## Data supplied
....................

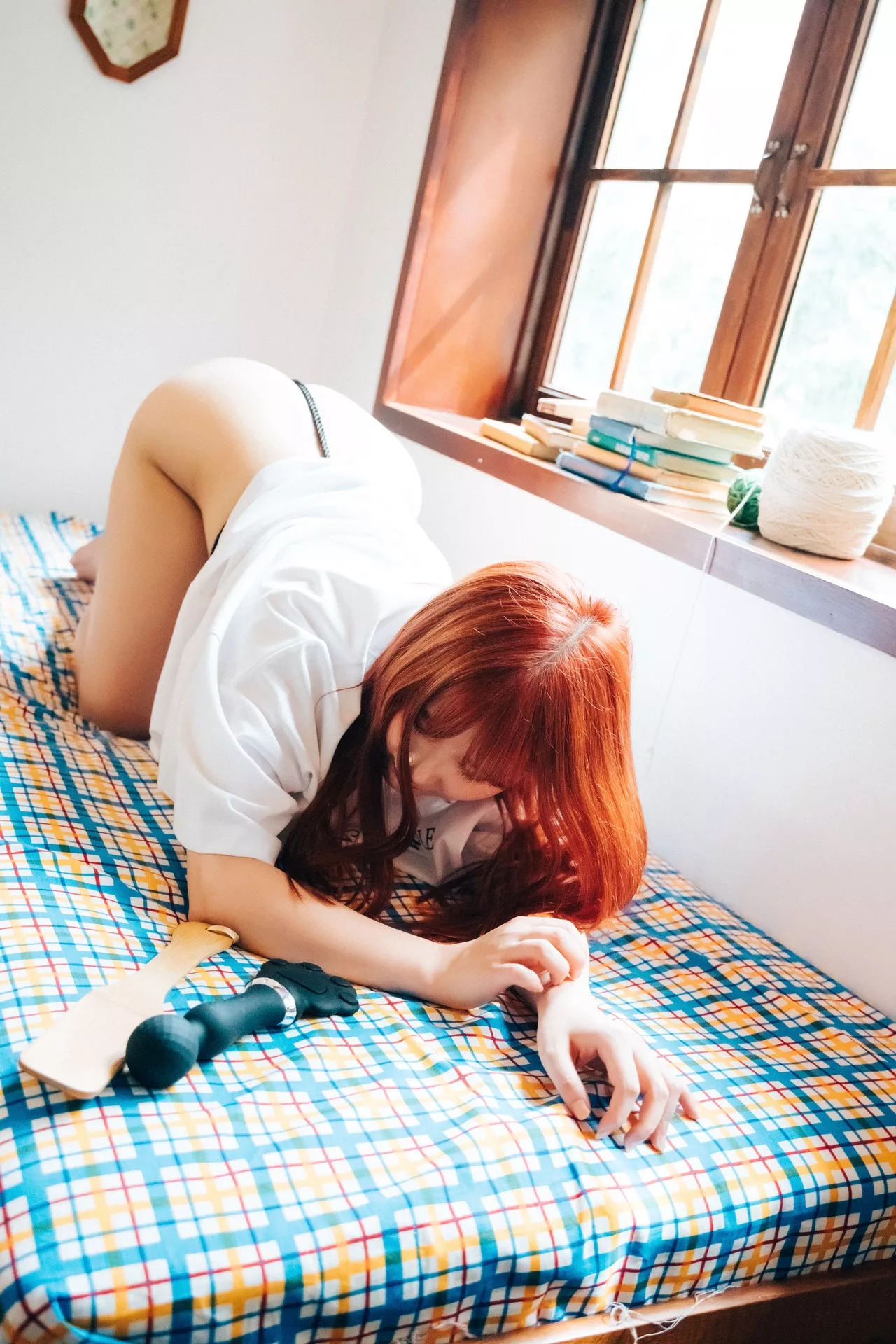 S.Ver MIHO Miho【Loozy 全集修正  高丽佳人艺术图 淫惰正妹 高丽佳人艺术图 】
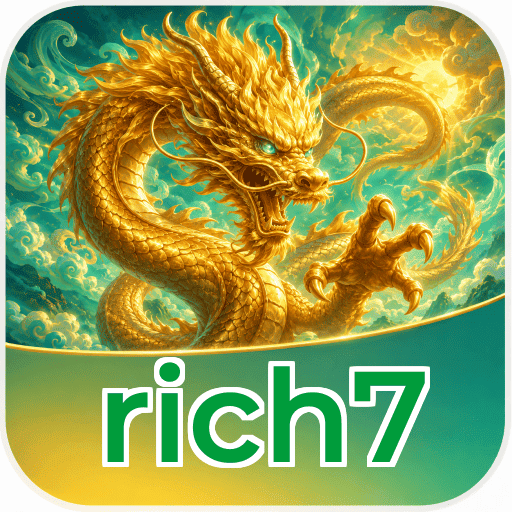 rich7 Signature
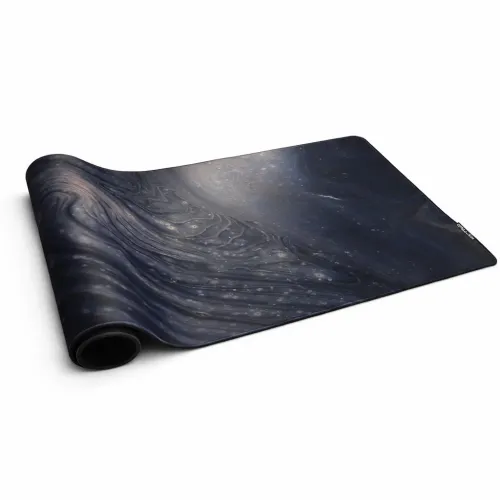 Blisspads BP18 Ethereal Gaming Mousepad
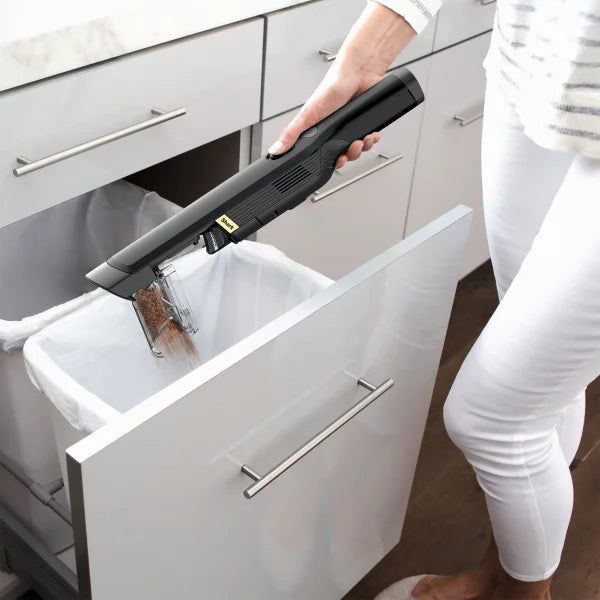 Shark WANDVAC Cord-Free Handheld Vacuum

....................

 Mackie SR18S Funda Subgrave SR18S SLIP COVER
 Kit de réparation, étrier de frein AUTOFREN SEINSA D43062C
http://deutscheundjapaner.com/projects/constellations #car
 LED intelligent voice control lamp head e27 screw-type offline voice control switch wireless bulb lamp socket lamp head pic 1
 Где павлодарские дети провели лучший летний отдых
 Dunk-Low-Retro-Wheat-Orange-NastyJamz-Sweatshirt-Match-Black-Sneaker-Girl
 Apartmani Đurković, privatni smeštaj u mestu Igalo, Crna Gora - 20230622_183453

....................

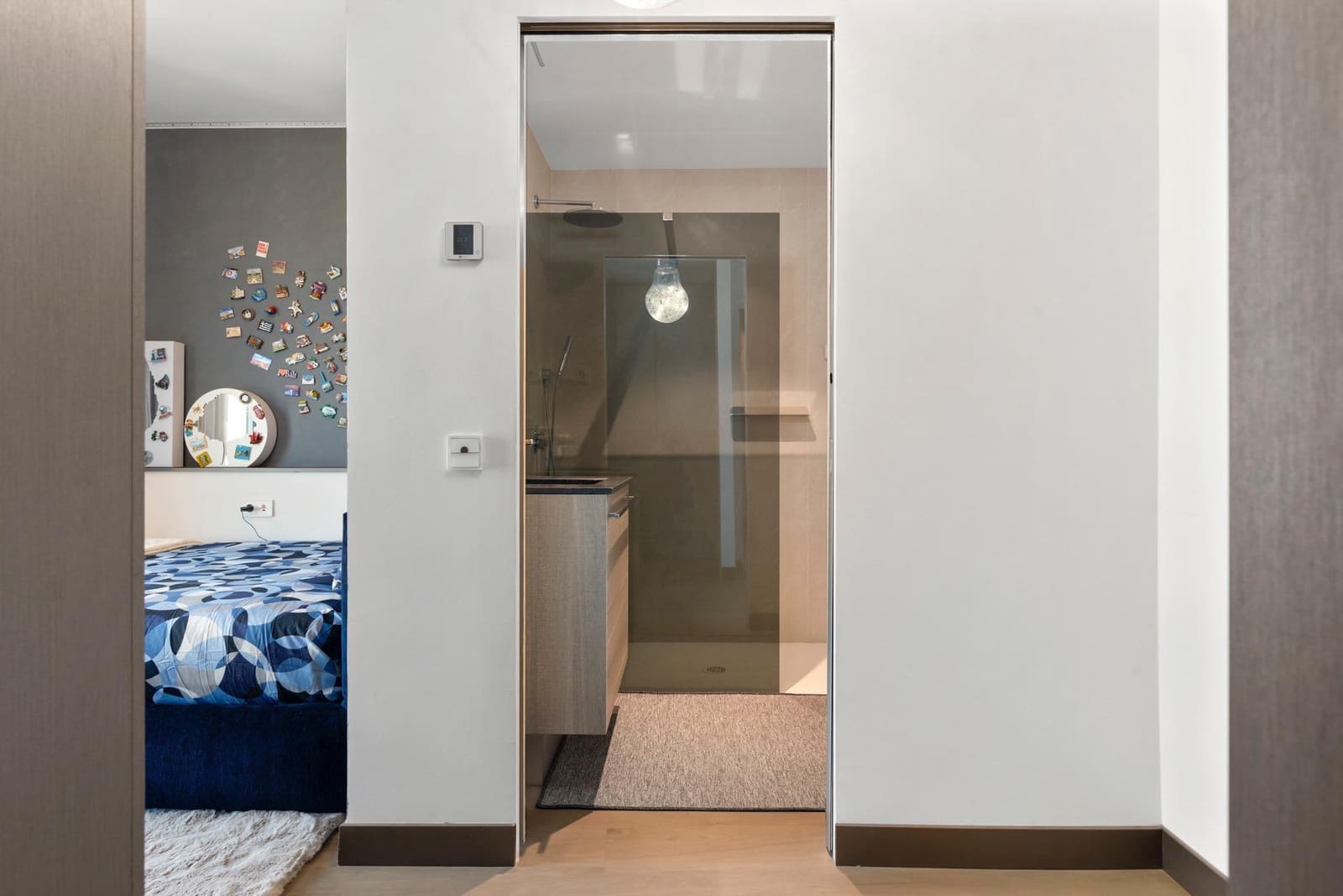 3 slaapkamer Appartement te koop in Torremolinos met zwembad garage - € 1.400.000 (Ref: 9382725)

....................

## What is expected
Repeat, without pictures, exactly the lines of the data above from the one containing "S.Ver MIHO Miho【Loozy" through the one containing "Shark WANDVAC Cord-Free Handheld Vacuum", including both and adding nothing.

## Answer space
 S.Ver MIHO Miho【Loozy 全集修正  高丽佳人艺术图 淫惰正妹 高丽佳人艺术图 】
 rich7 Signature
 Blisspads BP18 Ethereal Gaming Mousepad
 Shark WANDVAC Cord-Free Handheld Vacuum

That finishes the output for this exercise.